OpenAI has confirmed a licensing agreement with The Associated Press (AP) to train its AI models using its news story archive.
The essence of the agreement says that AP will provide OpenAI with access to its trove of text stories for AI training. In return, OpenAI will extend its technology to AP, enabling them to integrate generative AI into their workflows.
OpenAI will have the right to scrape data from AP’s story archive stretching back to 1985.
“Generative AI is a fast-moving space with tremendous implications for the news industry. We are pleased that OpenAI recognizes that fact-based, nonpartisan news content is essential to this evolving technology, and that they respect the value of our intellectual property,” said Kristin Heitmann, AP senior vice president and chief revenue officer.
The practice of using public internet data to train AI systems is becoming a point of contention. This will likely increase the popularity of these types of private and sponsored deals.
The large language models (LLMs) powering chatbots at OpenAI, Google, etc, have been trained on a colossal amount of data gathered from publicly accessible internet sources.
This includes third-party content like news articles, Wikipedia entries, and comments from social media and blogs, all taken without explicit permission or awareness of the authors.
This isn’t without its legal and ethical challenges, as it’s improbable all of this data is collected legally. At least, AI training data warps the meaning of ‘open’ and ‘publicly accessible.’

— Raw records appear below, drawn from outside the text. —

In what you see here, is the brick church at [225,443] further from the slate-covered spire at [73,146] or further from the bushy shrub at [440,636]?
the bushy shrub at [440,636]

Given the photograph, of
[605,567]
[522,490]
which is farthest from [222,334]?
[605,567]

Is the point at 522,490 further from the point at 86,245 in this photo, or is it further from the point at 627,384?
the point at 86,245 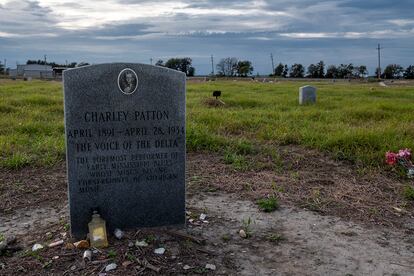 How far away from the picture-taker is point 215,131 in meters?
7.93

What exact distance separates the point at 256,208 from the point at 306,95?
385 inches

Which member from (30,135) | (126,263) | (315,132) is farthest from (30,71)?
(126,263)

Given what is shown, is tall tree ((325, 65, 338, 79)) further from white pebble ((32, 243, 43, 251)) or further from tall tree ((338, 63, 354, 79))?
white pebble ((32, 243, 43, 251))

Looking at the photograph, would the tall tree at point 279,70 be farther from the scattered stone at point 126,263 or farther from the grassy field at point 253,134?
the scattered stone at point 126,263

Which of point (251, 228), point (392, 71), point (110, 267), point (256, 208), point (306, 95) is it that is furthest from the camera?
point (392, 71)

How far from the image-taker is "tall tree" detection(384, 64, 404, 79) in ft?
200

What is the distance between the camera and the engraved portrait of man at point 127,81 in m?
3.43

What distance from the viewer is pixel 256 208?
4289 millimetres

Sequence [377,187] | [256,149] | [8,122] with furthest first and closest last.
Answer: [8,122], [256,149], [377,187]

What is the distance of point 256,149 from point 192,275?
3563mm

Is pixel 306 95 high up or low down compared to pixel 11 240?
up

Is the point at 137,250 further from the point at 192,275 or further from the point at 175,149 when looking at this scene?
the point at 175,149

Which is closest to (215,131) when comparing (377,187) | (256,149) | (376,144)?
(256,149)

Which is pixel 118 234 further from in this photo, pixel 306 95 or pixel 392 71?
pixel 392 71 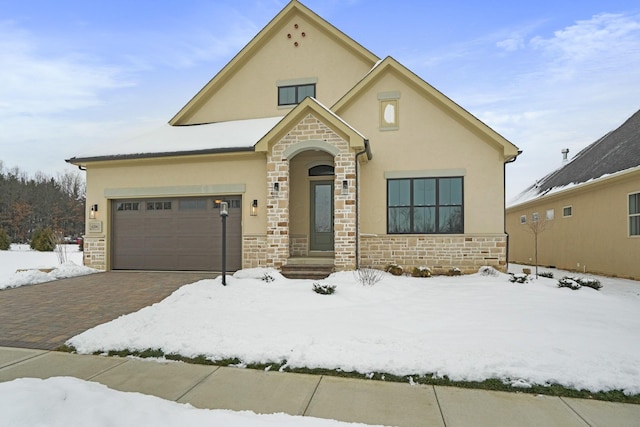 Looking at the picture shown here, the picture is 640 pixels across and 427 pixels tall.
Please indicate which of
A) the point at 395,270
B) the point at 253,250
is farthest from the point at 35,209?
the point at 395,270

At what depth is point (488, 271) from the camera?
10.1 meters

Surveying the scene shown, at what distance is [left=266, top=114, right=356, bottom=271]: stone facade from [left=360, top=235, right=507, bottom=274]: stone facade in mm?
1403

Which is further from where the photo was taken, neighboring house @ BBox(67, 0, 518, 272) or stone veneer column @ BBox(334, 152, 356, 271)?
neighboring house @ BBox(67, 0, 518, 272)

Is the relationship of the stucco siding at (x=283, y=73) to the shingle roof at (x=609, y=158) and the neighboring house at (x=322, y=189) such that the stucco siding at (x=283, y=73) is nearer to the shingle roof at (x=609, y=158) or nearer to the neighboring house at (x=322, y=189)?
the neighboring house at (x=322, y=189)

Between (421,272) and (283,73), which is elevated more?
(283,73)

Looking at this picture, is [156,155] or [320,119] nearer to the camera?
[320,119]

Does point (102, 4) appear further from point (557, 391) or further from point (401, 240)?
point (557, 391)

Andres Sawicki, a professor of intellectual property law at the University of Miami, commented, “The data sets include a lot of content that is copyrighted. The copyright holders do not approve of these exploitations. It’s not hard to conceive of more deals like the AP one being made between tech firms and content producers in an effort to build a “clean database.” The problem is that the data sets needed to train the models are so massive that I doubt it will be possible to secure permission from a sufficient number of owners to make the technology practical.”
This week, the US Federal Trade Commission (FTC) launched investigations into OpenAI’s practices surrounding the use of data in model training. The FTC has demanded documentation from OpenAI to understand its strategies and identify non-compliance.
OpenAI and AP have expressed positive sentiments about the partnership, stating they “believe in the responsible creation and use of these AI systems.”